Combining fishing locations from all 6 years revealed spatial patterns by flag state, gear type and species caught. For indeterminate reasons (but hypothesized to relate to fuel savings), the Taiwanese and Japanese longline fleets partitioned the Palau EEZ longitudinally with Taiwanese vessels fishing mainly in the east and Japanese vessels in the west (Fig. 1b). The three core fishing regions for Japanese longliners were distributed evenly north to south while the core fishing region for Taiwanese longliners was to the southeast of Palau, near their homeport in Malakal Harbor (Fig. 1a,b). Both fleets caught more bigeye tuna (Thynnus obesus) in the north and more yellowfin tuna (T. albacares) in the south24 (Fig. 1b). The Japanese purse seine fleet (6 vessels, Table S1) fished the southeast corner of the Palau EEZ, most frequently from March to July, creating a spatial segregation in areas of highest purse seine and longline fishing effort (Figs S3, 1b). Purse seiners caught mostly skipjack tuna (Katsuwonus pelamis)24. The Japanese purse seine fleet was a small proportion of all fishing locations (0.099%, Table S1), and during the 20 months when a vessel was present in the EEZ, each fished for approximately 4.1 ± 3.0 days (Fig. S2). Therefore, purse seine vessels were excluded from further analyses to focus on drivers of longline efforts.

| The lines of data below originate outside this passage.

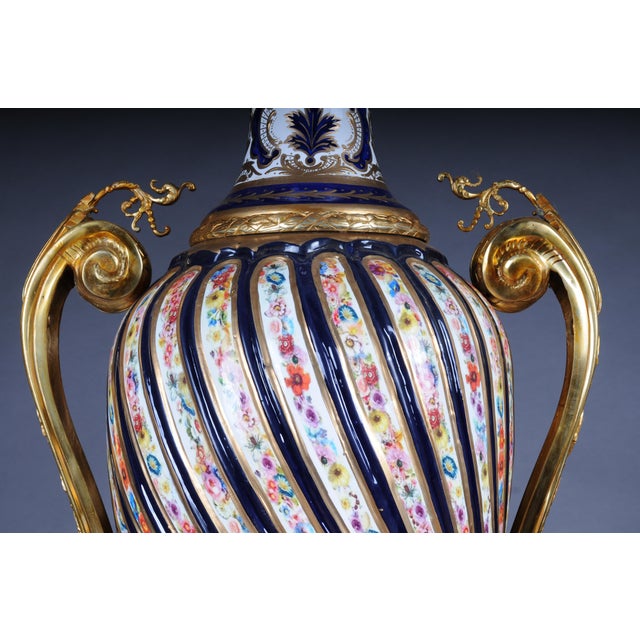 Gold French Sevrés Floor Vases with Gilt Bronze, Set of 2 For Sale - Image 8 of 18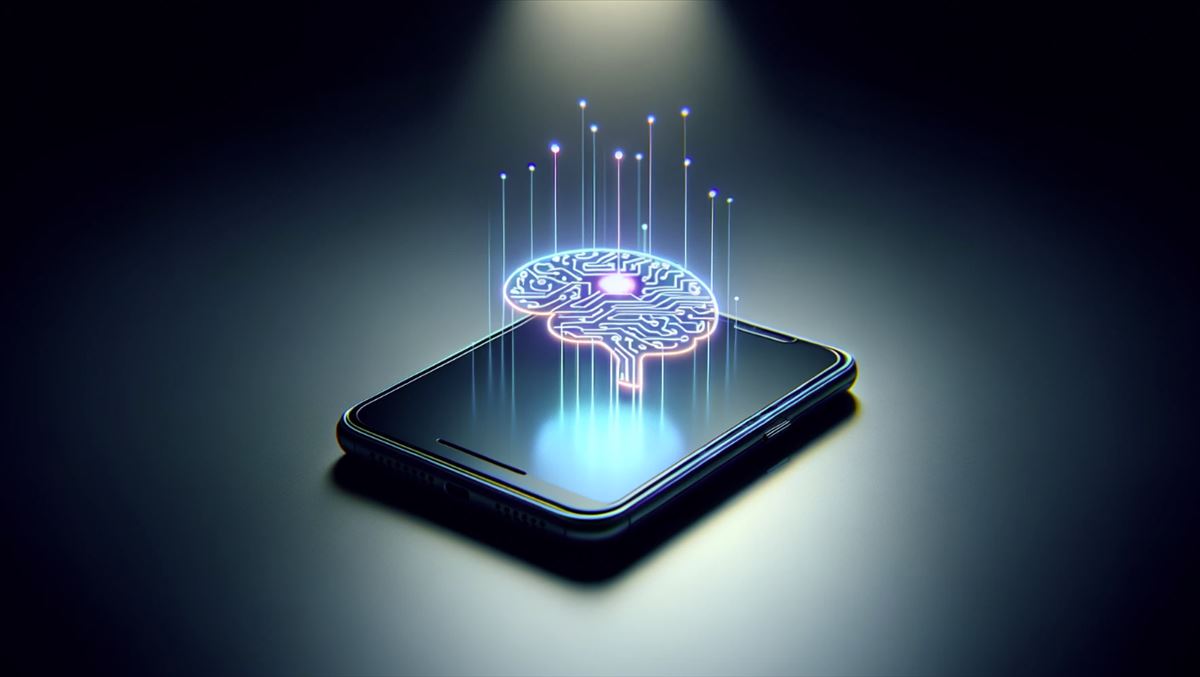 Un teléfono inteligente moderno y estilizado sobre una superficie limpia, con un sutil resplandor que simboliza su capacidad de procesamiento. La pantalla del teléfono muestra un gráfico simplista de un cerebro en colores neón suaves, representando las capacidades de IA, en un ambiente futurista pero sobrio.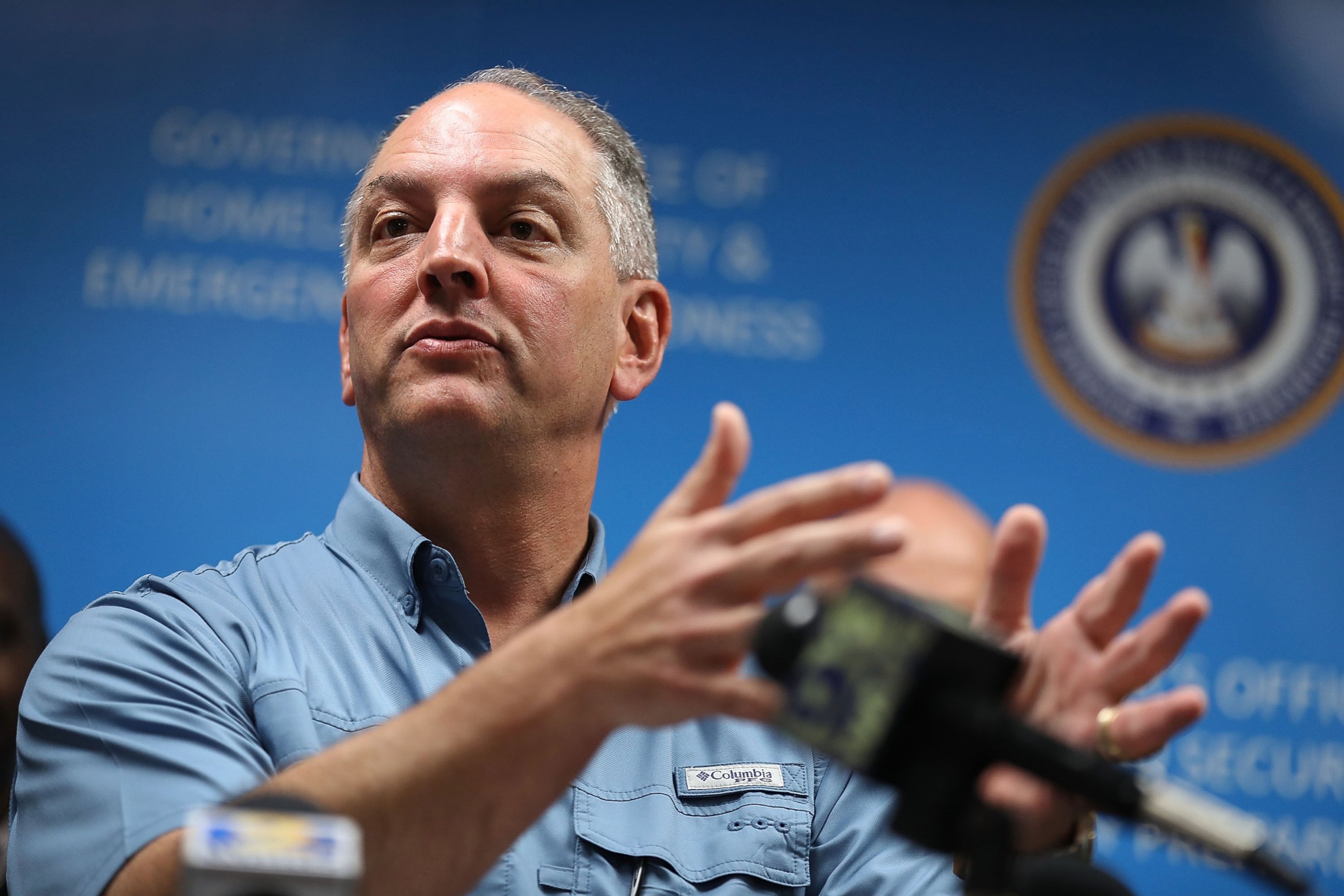 PHOTO: Louisiana Governor John Bel Edwards speaks during a press conference to update the public on FEMA's disaster recover and temporary housing programs, on Aug. 19, 2016, in Baton Rouge, Louisiana.  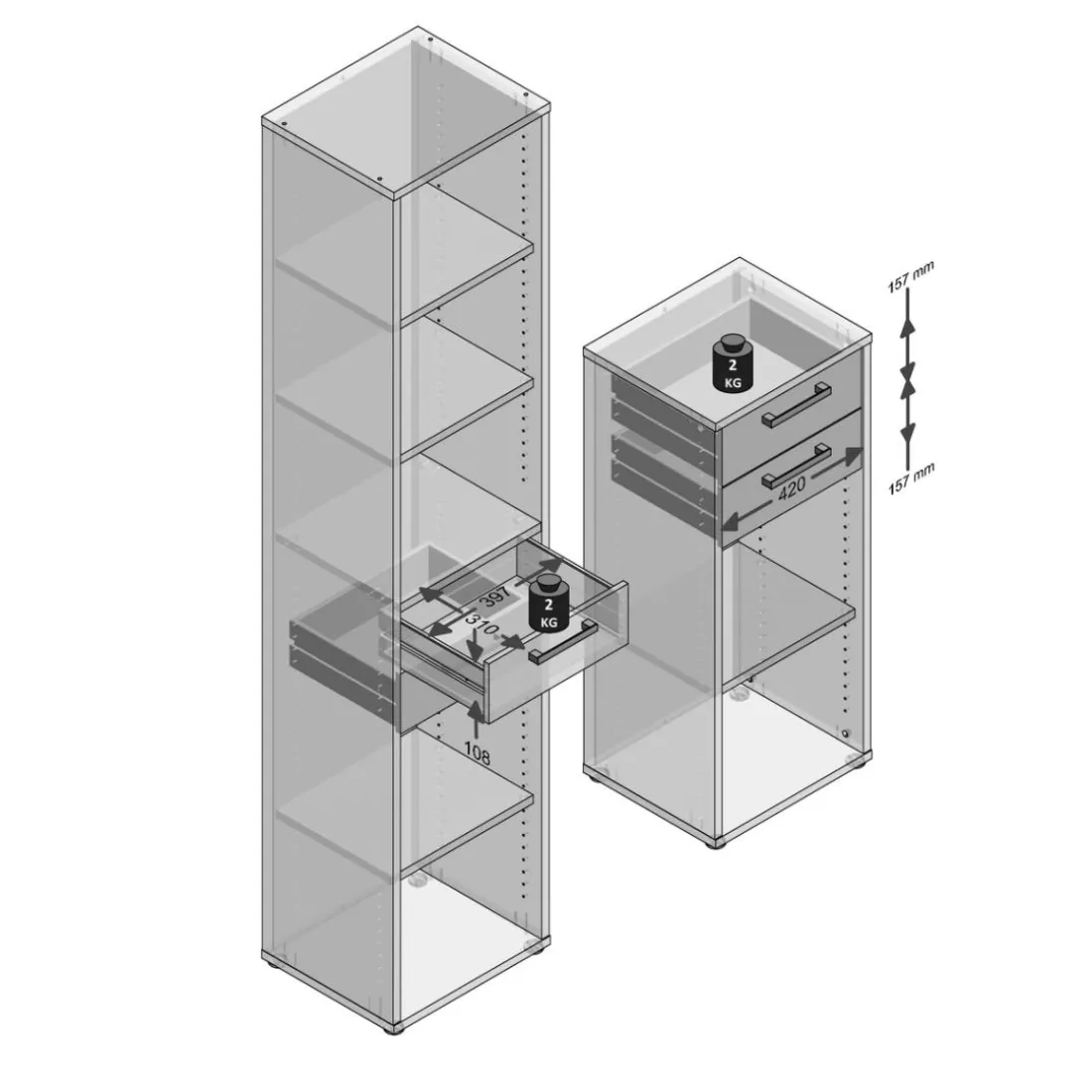 Lot de 2 tiroirs pour etagère CALVIA 10 blanc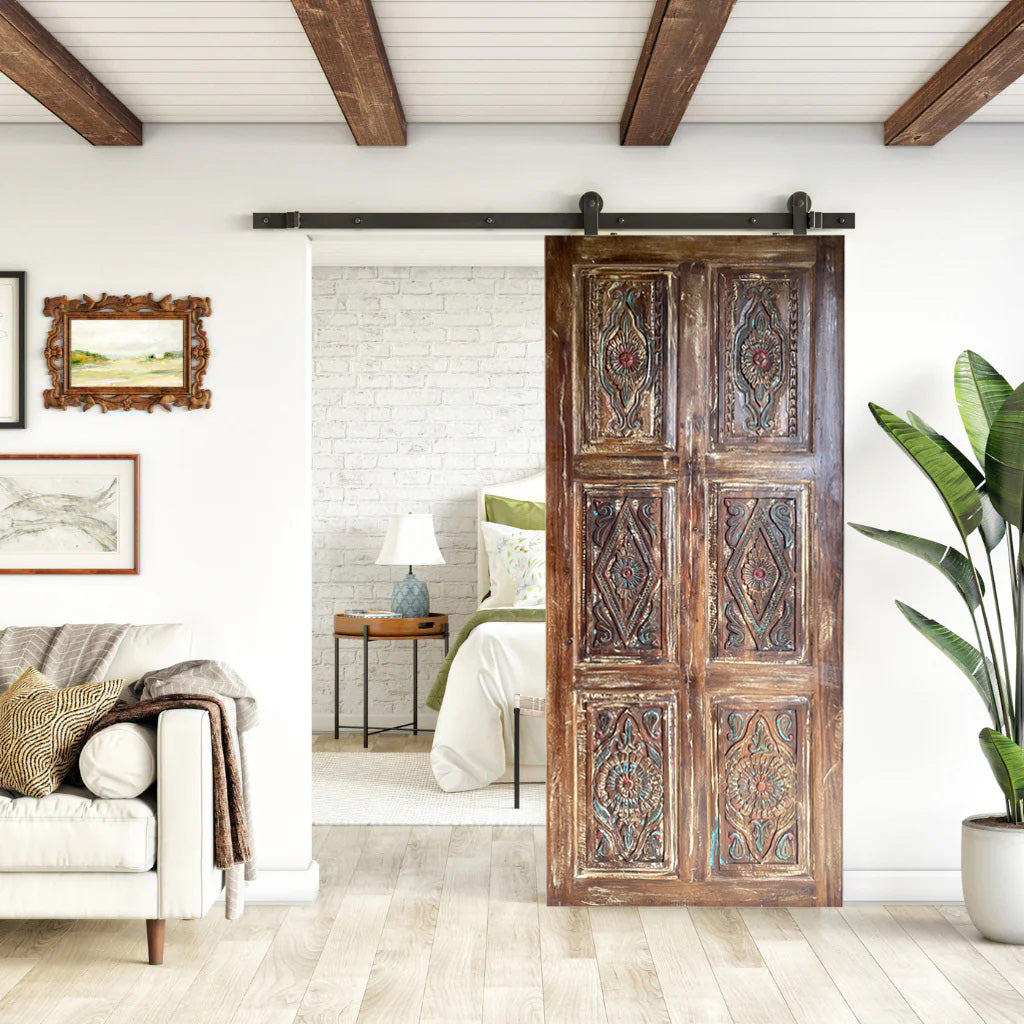 Vintage Carved Barn Door Floral Reclaimed Wood Barndoor Pantry Door 84x36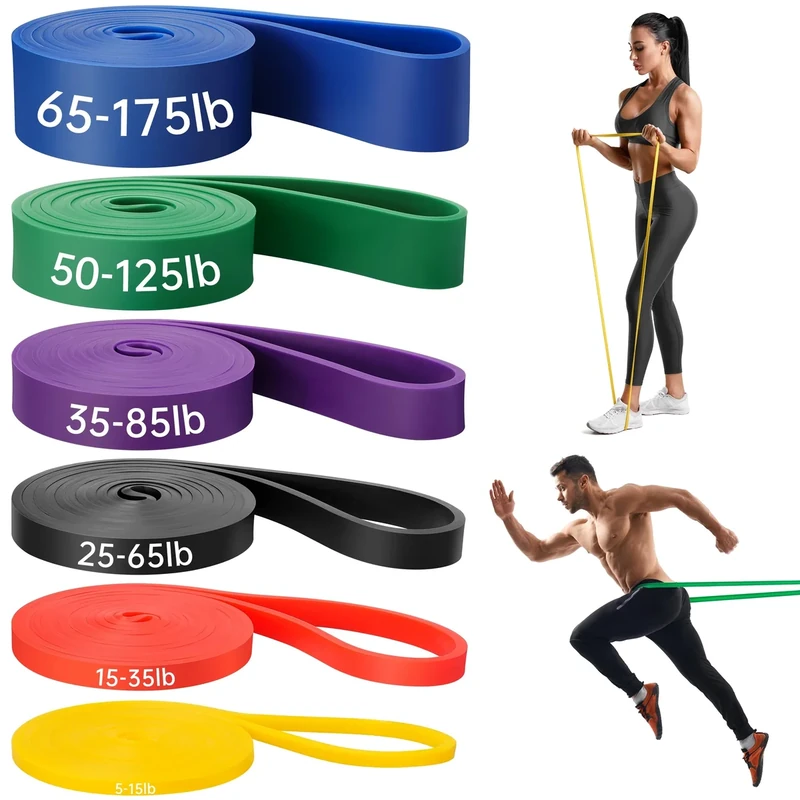 Widerstandsbänder Set mit 6 Stufen, Resistance Bands, Stretchband Fitness, Fitnessbänder für Physiotherapie, Yoga, Pilates, Krafttraining, Muskeltraining, Expander Band für Männer & Frauen.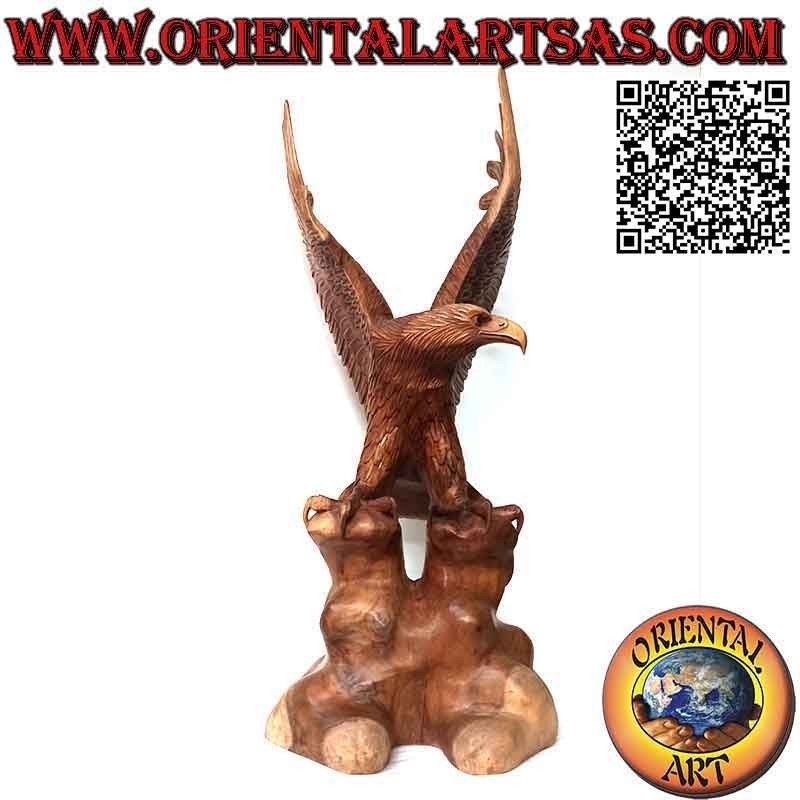 Steinadler-Skulptur mit ausgebreiteten Flügeln, die auf dem 80 cm hohen Vorgebirge aus Suarholz steht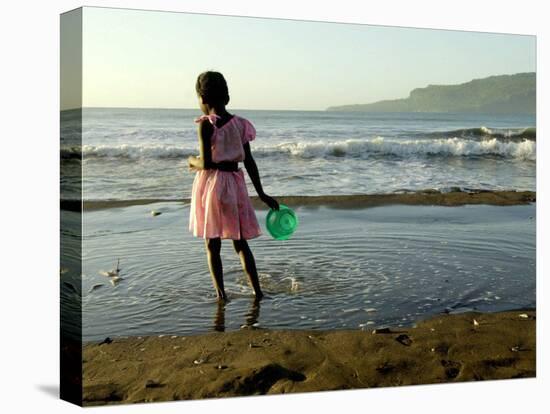 A Girl Walks on the Beach in Jacmel, Haiti, in This February 5, 2001-Lynne Sladky-Premier Image Canvas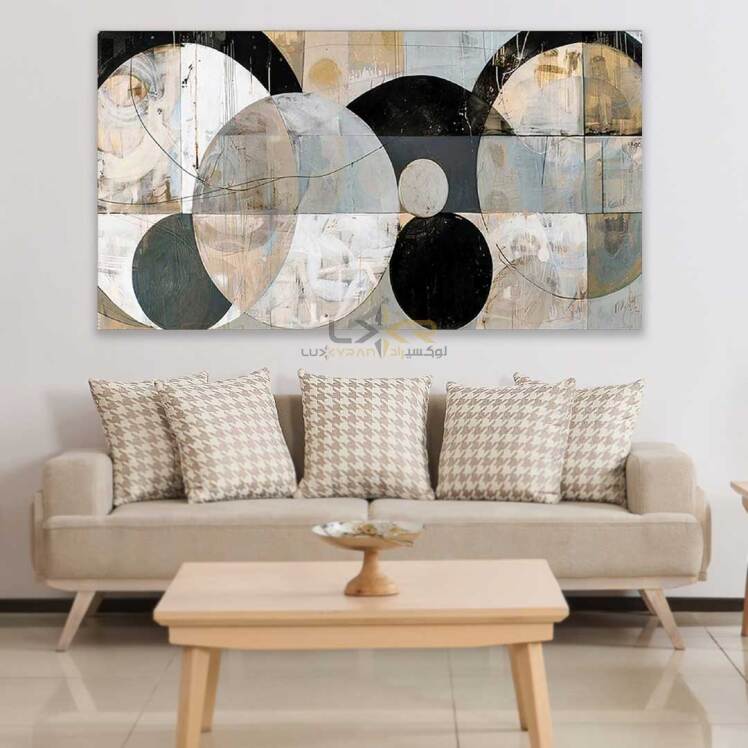 تابلو دکوراتیو مستطیلی طرح دایره ای رنگ کرم مشکی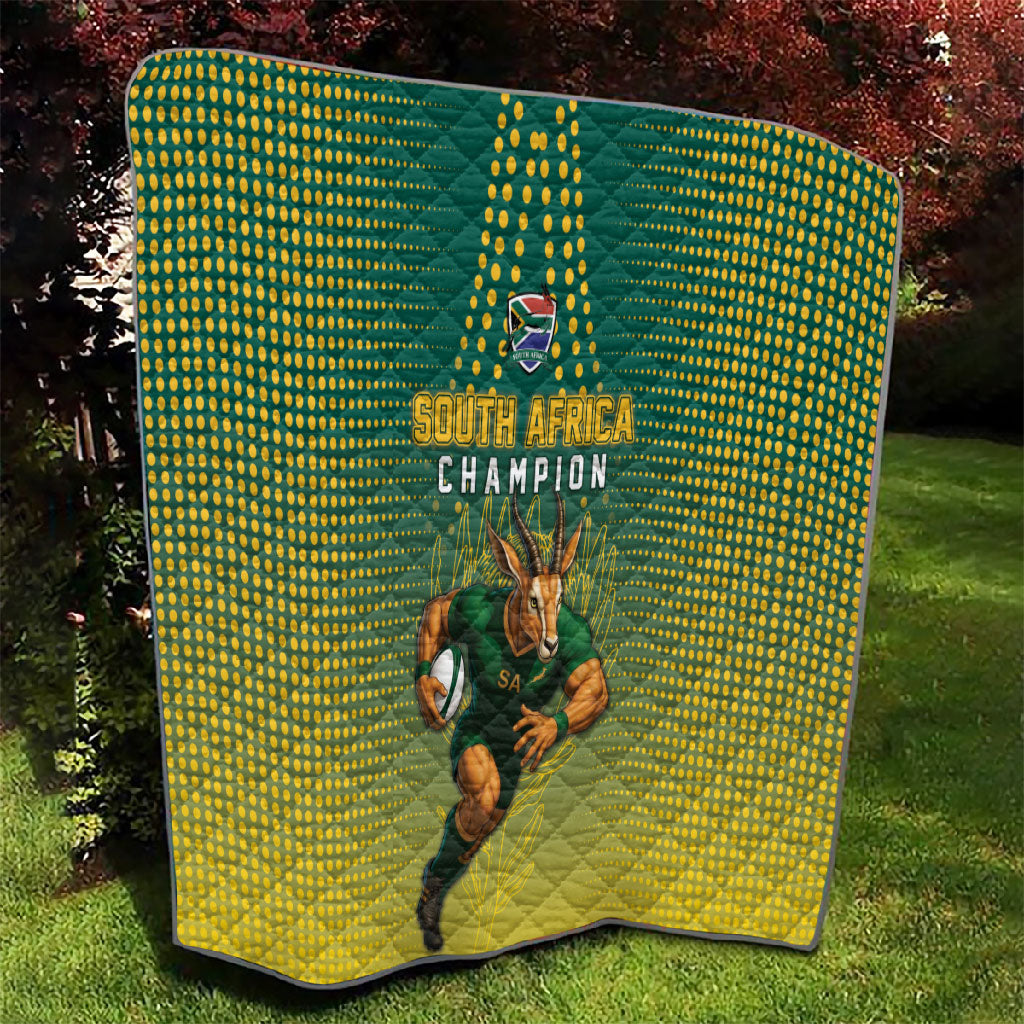 South Africa Rugby Quilt Go Springboks Mascot Champion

While Taiwanese and Japanese fishing locations spanned the entire EEZ from 2011 to 2016 (Fig. 1b), fleet efforts were observed to shift south to north by season, winter to summer, respectively. Both flag states fished the mid to southern portion of the EEZ from October to March and fished the mid to northern portion of the EEZ from April to September (Fig. 2bc). This pattern was consistent from 2011 to 2014 but was disrupted during the El Niño period (Nov 2014-May 2016, Oceanic Niño Index (ONI) > 0.5, Fig. 2a), where fishing extended further north during mid-2015 and further south at the end of 2015 and into 2016. The rapid response of fishing locations to El Niño conditions suggests a tight correlation exists between the environment, the fish, and the fishing industry.

Figure 2
figure 2

Hovmoller diagrams showing seasonal patterns in fishing locations and oceanography in the Palau Exclusive Economic Zone. (a) The Oceanic Niño Index (ONI), where values > 0.5 are El Niño events (vertical bars) and values < −0.5 are La Nina events. (b) The kernel density estimate (KDE) of Taiwanese and (c) Japanese longline fishing vessel locations. (d) Absolute dynamic topography (ADT), (e) U velocity, (f) V velocity, (g) sea surface temperature (SST), (h) mixed layer depth (MLD), and (i) Chlorophyll-a concentrations (CHL). The 90% KDE of Taiwanese and Japanese fishing locations (from b,c) is overlaid as black and gray contours, respectively, in (ci).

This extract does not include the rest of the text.